Out west, everything is huge. The oysters? Like saucers. King crab legs? Long as your arm. The amenities at the Salish Lodge — a 45-minute drive from Seattle, and a recent much-needed pit stop before dropping off my daughter Lucy at college 2,700 miles from our Brooklyn Heights home — are no different. From the jumbo-size beds and Jacuzzi tubs to endless forest views, this hotel goes big. But the property’s most prominent feature is undoubtedly the adjacent Snoqualmie Falls, whose 270-foot drop dwarfs Niagara by over 100 feet.
As soon as we – my husband, Lucy, older daughter Maggie, and I — arrived, we headed toward the falls, wending our way to the bottom through a mile of forest and snacking on wild blackberries along the way. En route, we spotted a storybook’s worth of native fauna: jumping fish, dozens of ducks, and lazily circling raptors above the treetops—but sadly, no bear or Sasquatch sightings.
Back at the lodge, we partook in all the creature comforts the hotel has to offer, beginning with breakfast of eggs Benedict with crab and salmon instead of ham (Predictably, the portions were gigantic). To top it off, our server drizzled a perfect “waterfall” of honey — harvested from Salish’s own hives — onto hot, buttery biscuits.
Next on the agenda: the spa, which channels the surrounding great outdoors with its woody scent and locally sourced, ingredient-rich treatments. Maggie got the honey and oatmeal facial (using more Salish-sourced sweetener). Lucy chose the antioxidant-filled “Damn Good Coffee” facial– named after the catchphrase of Kyle MacLachlan’s character in Twin Peaks, which was filmed at the lodge – and chased it with a body rub infused with local Rainier and Bing cherries. Between treatments, the fam gathered under a mini-waterfall in one of the spa’s two hot mineral baths.

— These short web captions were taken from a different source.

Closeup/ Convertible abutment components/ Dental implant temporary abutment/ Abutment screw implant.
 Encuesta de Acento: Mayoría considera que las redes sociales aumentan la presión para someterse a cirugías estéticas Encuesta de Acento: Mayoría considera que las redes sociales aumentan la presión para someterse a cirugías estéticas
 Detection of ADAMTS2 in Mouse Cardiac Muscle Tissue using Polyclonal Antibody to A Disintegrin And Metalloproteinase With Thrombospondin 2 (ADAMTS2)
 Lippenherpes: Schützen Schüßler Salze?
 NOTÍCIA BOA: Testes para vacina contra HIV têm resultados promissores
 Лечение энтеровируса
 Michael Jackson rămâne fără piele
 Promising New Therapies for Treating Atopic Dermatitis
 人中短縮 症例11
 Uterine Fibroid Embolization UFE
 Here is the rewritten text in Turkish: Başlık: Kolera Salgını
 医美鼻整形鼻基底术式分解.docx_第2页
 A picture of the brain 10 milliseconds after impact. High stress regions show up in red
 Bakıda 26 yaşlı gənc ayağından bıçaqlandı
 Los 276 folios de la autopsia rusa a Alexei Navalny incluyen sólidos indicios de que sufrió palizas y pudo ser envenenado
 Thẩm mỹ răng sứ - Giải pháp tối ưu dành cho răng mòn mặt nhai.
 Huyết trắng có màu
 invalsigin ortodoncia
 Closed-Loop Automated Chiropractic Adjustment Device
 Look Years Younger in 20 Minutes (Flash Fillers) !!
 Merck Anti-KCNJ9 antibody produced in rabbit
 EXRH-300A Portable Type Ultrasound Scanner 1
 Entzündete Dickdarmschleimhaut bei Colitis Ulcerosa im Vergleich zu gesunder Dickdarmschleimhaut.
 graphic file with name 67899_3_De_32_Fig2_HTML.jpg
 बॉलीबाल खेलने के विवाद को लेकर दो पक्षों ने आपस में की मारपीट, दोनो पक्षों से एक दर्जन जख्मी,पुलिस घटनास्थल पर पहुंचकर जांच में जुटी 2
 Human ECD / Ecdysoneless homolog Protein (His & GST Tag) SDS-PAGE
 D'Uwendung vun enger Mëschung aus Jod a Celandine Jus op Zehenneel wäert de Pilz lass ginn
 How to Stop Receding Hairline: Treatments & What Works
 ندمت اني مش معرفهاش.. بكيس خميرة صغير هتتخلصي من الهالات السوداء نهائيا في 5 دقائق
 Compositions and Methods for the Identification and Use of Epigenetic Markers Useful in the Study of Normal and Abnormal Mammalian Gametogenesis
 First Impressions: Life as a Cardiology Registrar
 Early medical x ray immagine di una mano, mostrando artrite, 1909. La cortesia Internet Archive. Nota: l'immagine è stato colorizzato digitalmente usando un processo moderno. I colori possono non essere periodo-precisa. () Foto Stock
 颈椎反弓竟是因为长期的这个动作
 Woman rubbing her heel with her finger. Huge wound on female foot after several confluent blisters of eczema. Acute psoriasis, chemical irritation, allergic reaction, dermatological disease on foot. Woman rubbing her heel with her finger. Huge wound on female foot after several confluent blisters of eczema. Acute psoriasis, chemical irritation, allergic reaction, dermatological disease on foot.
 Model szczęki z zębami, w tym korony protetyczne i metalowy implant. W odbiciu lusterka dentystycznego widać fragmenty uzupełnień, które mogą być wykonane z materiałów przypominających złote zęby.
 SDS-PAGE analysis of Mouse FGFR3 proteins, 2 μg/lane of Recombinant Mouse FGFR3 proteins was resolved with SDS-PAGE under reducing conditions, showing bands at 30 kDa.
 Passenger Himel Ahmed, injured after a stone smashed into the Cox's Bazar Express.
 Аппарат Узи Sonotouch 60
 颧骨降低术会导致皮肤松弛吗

After pausing for complimentary strawberry smoothies, we moved on to the massage rooms, where I unwove tension I didn’t know I had (the “tranquility” massage with lavender aromatherapy is as knot-melting as it sounds). As I listened to the roaring falls right outside the room, I felt my travel-induced kinks disperse, and even the anxiety of leaving my daughter thousands of miles from home lessen.
In our blissed-out post-spa state, we had dinner at Salish’s Dining Room, showcasing hearty Northwest cuisine. My husband and Maggie shared a 28-ounce, 28-day-aged porterhouse with horseradish crème fraîche dipping sauce. Lucy started with sweet corn and crab bisque before moving onto (enormous) sea scallops with peach compote and seared bacon. With trout on my mind since our hike to the river, I ordered a subtle and delicious grilled whole fish stuffed with (yet more) crab.
As hummingbirds sipped nectar in the nasturtium outside our window, we toasted (with Salish’s private label Chardonnay and Merlot) to our perfect day, to Lucy’s last days of childhood, and to the great, big west.